Security Tip: Be Careful Of Transliteration

[Tip#15] Because we don't already have enough to worry about, without also needing to factor in other characters and emoji too...

Transliteration is the method of converting text from one set of characters to another, in a predictable way. Usually with the goal of maintaining readability1 in the resulting string while adding decorations2, or tricking readers into thinking the resulting string is the original string3.

For example:

One Ring to rule them all

Can be represented as:

Ⓞⓝⓔ Ⓡⓘⓝⓖ ⓣⓞ ⓡⓤⓛⓔ ⓣⓗⓔⓜ ⓐⓛⓛ

While this can look cool, there is a problem with it…

It turns out that MySQL automatically translates transliteration characters back into their originals when it performs a query. So if you performed a search for "Ⓕⓡⓞⓓⓞ", it would actually search for "Frodo".

I honestly had no idea this was a thing, so I tested this on our SQLi demo and it works!

Searching for "Ⓕⓡⓞⓓⓞ" matches "Frodo".

The fix for this is fairly trivial: transliterate the string back to a basic character set first. The PHP will then see the same thing as MySQL, allowing the rate limiter to properly catch it.

A PR was merged into Laravel 8, which added the Str::transliterate() helper, that you can use in situations where this is a problem to translate the characters back to their originals:

>>> Str::transliterate("Ⓕⓡⓞⓓⓞ");
=> "Frodo"

(Internally it uses the Portable ASCII package to perform the translations.)

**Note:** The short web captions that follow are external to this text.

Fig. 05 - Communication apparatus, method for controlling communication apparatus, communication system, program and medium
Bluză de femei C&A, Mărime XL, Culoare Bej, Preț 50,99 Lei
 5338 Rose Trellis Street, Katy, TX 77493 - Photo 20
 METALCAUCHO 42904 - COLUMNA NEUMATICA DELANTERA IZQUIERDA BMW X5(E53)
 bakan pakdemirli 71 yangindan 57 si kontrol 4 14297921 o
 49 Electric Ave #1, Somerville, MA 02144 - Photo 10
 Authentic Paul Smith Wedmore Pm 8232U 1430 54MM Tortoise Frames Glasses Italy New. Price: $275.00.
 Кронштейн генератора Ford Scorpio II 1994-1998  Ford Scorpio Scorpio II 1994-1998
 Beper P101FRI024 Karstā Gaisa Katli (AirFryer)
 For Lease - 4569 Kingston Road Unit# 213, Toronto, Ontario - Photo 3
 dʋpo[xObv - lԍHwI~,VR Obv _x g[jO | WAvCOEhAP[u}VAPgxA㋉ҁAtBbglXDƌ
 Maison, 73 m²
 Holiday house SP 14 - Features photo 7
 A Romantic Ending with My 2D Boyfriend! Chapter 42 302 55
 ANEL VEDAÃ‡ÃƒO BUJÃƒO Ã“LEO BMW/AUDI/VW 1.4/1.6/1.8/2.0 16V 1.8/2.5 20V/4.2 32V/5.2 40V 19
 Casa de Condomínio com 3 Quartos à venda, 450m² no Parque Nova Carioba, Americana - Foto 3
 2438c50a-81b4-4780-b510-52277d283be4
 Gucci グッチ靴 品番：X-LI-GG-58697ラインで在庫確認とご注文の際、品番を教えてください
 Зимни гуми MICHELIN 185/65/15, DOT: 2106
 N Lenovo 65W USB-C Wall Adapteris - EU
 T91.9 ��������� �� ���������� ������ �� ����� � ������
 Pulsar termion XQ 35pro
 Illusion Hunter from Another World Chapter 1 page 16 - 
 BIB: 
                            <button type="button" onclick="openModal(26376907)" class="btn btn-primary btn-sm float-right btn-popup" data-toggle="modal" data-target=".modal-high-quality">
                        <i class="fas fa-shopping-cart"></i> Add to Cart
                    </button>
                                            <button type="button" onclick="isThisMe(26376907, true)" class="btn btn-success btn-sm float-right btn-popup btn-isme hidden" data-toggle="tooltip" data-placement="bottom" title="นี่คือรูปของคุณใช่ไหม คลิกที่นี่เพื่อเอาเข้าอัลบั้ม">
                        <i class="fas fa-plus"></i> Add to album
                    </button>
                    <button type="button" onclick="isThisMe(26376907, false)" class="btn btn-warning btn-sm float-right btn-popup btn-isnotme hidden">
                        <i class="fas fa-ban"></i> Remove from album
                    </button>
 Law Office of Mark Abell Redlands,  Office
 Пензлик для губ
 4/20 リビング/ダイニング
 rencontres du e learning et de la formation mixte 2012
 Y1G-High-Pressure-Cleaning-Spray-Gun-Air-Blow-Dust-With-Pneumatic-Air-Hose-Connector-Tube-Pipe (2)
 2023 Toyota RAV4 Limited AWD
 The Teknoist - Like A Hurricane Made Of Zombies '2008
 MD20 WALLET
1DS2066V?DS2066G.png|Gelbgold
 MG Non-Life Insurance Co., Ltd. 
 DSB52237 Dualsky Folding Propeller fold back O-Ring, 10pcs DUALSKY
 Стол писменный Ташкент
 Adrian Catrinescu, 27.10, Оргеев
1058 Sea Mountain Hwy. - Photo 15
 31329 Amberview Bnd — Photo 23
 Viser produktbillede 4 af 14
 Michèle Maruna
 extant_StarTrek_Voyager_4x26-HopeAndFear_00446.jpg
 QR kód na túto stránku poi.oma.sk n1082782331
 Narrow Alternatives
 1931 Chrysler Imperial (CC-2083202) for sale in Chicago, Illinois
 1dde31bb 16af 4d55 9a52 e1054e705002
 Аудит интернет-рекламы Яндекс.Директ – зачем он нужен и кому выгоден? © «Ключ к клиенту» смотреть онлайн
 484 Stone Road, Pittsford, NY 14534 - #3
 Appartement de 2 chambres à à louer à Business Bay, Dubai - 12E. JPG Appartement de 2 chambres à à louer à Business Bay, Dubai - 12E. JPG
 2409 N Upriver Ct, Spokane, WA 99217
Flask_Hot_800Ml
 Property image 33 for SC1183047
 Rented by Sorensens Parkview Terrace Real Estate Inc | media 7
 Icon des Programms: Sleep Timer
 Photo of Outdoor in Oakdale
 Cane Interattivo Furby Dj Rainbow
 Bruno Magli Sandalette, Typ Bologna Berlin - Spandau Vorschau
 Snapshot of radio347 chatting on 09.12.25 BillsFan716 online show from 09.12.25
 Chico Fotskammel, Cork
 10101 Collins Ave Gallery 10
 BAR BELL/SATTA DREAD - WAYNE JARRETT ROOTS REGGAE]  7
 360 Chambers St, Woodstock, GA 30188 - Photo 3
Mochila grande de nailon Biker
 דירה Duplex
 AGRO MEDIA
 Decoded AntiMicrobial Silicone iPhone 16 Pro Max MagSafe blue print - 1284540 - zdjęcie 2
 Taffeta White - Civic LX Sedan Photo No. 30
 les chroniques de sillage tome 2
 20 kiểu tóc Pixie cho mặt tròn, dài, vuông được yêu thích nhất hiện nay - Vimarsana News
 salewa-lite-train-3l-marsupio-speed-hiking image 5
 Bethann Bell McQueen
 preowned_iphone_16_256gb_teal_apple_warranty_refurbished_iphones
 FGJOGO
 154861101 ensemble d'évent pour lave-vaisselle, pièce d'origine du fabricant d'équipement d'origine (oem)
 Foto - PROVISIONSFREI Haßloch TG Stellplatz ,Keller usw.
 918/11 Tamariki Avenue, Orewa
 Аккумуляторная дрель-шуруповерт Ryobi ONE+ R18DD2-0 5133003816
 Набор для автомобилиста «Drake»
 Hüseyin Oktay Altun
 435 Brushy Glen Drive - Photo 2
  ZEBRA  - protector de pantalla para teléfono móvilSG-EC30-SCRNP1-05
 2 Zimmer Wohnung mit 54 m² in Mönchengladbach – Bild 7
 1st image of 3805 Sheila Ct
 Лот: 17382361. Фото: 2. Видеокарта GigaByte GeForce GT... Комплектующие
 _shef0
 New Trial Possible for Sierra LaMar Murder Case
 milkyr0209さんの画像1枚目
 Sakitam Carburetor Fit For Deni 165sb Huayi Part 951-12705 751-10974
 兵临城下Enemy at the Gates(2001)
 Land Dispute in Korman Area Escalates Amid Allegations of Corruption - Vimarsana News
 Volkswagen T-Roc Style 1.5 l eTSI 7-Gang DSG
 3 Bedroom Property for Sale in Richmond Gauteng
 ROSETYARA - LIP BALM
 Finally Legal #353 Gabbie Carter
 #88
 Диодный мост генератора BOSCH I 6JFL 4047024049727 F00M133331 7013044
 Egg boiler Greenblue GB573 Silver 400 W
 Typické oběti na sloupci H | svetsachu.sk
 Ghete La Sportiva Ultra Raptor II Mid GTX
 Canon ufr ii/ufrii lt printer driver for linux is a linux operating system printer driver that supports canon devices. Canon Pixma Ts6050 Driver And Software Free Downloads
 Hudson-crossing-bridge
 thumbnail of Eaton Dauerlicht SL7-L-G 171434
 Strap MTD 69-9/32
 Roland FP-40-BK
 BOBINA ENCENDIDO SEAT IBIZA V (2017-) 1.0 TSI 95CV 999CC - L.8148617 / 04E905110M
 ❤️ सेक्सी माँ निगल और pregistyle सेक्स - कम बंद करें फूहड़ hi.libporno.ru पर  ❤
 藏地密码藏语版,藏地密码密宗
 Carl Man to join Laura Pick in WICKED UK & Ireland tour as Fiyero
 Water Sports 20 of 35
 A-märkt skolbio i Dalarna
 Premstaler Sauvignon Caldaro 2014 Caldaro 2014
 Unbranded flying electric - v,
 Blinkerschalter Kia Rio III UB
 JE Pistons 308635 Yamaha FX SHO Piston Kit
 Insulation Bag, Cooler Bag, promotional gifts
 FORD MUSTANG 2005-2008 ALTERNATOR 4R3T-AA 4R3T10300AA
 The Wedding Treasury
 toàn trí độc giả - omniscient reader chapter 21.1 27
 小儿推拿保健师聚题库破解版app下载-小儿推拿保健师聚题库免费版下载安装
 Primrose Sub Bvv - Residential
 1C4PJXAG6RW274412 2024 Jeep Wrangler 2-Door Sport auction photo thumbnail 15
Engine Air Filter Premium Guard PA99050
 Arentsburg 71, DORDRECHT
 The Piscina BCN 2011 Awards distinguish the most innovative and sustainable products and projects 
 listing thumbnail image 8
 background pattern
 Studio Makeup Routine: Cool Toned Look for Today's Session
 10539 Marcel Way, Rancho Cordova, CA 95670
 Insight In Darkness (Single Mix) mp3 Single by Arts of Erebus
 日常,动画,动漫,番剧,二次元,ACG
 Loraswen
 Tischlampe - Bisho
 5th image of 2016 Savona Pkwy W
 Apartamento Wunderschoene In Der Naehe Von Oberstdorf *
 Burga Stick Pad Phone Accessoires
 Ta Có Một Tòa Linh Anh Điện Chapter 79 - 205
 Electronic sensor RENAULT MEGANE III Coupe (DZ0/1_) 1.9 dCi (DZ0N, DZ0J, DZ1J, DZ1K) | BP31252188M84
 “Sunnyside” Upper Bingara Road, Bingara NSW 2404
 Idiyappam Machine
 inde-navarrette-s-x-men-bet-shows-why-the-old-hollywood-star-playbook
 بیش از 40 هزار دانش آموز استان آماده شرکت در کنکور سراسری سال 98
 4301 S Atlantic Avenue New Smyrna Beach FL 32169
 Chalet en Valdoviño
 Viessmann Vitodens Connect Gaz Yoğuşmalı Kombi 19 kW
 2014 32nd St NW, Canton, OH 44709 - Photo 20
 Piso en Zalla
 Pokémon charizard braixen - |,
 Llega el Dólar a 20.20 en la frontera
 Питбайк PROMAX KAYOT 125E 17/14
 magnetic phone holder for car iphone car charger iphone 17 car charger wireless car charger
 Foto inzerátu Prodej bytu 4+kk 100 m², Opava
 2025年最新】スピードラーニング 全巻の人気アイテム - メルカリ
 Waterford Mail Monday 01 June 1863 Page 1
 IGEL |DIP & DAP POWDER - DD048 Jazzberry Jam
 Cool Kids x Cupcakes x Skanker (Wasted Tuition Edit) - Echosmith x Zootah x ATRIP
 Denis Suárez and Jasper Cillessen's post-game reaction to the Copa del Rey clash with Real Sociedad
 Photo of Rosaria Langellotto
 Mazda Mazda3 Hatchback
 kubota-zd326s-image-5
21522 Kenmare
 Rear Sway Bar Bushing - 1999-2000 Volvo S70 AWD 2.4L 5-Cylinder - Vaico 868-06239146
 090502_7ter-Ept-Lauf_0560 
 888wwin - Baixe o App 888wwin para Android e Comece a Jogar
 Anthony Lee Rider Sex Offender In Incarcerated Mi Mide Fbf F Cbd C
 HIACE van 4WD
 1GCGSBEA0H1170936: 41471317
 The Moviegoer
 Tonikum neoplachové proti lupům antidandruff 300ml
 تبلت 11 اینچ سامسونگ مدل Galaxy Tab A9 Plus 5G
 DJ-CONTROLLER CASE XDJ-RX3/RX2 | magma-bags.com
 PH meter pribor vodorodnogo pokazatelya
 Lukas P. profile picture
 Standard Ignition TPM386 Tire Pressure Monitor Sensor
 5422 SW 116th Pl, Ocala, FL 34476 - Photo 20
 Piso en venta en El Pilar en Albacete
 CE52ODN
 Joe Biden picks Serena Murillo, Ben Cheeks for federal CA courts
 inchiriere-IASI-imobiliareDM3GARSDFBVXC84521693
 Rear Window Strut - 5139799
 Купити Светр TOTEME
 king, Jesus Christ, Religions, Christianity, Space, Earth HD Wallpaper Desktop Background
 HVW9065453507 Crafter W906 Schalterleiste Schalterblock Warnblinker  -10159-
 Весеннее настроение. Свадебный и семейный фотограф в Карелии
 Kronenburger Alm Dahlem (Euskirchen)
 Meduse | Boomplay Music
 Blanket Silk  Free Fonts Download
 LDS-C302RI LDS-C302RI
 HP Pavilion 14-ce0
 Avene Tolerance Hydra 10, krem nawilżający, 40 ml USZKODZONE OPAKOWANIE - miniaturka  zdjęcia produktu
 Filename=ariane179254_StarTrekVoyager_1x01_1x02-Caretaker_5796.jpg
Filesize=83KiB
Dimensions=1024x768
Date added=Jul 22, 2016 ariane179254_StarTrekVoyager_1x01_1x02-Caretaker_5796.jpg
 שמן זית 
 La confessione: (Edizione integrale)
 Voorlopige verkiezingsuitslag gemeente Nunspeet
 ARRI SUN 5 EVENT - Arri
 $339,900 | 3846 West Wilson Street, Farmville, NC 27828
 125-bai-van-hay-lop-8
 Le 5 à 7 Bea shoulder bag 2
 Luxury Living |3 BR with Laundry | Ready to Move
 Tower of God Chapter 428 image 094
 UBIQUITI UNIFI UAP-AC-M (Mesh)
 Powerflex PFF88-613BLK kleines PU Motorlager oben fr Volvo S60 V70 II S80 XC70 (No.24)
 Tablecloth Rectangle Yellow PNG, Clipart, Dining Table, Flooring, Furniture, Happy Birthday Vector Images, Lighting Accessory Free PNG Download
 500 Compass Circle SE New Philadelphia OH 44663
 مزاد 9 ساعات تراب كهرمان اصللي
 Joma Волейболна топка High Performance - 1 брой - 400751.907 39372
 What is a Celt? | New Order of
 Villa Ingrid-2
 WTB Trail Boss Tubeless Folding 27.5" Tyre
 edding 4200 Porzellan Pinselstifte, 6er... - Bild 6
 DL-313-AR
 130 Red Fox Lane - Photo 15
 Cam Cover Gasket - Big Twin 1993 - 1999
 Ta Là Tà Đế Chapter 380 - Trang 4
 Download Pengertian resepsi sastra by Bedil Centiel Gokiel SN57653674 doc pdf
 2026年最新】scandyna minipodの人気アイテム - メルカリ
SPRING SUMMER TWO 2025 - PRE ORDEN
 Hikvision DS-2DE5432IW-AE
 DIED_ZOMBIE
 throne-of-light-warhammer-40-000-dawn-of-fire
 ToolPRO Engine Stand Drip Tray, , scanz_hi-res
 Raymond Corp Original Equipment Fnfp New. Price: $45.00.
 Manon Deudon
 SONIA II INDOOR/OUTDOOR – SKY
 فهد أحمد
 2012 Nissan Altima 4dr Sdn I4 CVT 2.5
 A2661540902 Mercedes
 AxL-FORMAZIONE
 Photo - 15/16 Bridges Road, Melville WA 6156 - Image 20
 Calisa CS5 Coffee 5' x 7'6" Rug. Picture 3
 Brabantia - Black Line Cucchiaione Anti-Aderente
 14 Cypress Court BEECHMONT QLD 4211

So you’re probably thinking: “This is a cool exploit, but why do we need to know about it?”.

This is a clever bypass method that allows you to evade things like rate limiting, blocklists, content restrictions, and existence checks, as well as trick victims into miss-reading a string by using similar shaped characters.

Think about it, do you have anything like that in your apps where PHP performs a check against a string and the value is then passed into a MySQL query? Or where user-inputted strings are displayed to other users?

Even ignoring the MySQL automatic behaviour that makes the exploit work, there are many cases where you’d want to swap out special characters in your apps. Content moderation comes to mind immediately!

So keep Str::transliterate() in mind when you’re handling user input, and check things like rate limiting to ensure you’re not vulnerable.

  1. It’s important to note that “readability” usually doesn’t extend to blind and vision impaired people, in many cases due to the characters being less clear or screen readers being unable to translate.

  2. Very common on Twitter in display names.

  3. It’s common to generate phishing links and other scams with URLs that feature alternate characters that are easily confused.